• [Exercise instructions]
Make an exact copy of the listing so that no picture is carried over.

• [Exercise data]
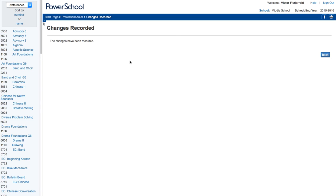Now if I wanted to make sure that it was based upon grade level — so that grades were all mixed in specific teams or things like that — I could do that as well. But that's just one way of setting constraints for the load on each course. If you have any questions, feel free to reach out or leave a comment on this video. Thanks.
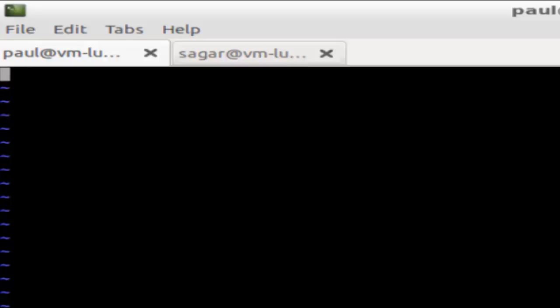So here in vi you can just go to the insert mode and then type anything that you want. And to come out of that you have to press Escape key, and after that you have to press colon.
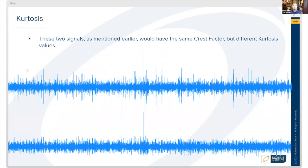These two signals, as mentioned earlier, would have about the same crest factor, but they would have very different kurtosis values. The time waveform on top has larger amplitude peaks and more of them than the one on the bottom. So the time waveform on the top would have a much higher kurtosis number than the one on the bottom.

• [Task output]
Now if I wanted to make sure that it was based upon grade level — so that grades were all mixed in specific teams or things like that — I could do that as well. But that's just one way of setting constraints for the load on each course. If you have any questions, feel free to reach out or leave a comment on this video. Thanks.
So here in vi you can just go to the insert mode and then type anything that you want. And to come out of that you have to press Escape key, and after that you have to press colon.
These two signals, as mentioned earlier, would have about the same crest factor, but they would have very different kurtosis values. The time waveform on top has larger amplitude peaks and more of them than the one on the bottom. So the time waveform on the top would have a much higher kurtosis number than the one on the bottom.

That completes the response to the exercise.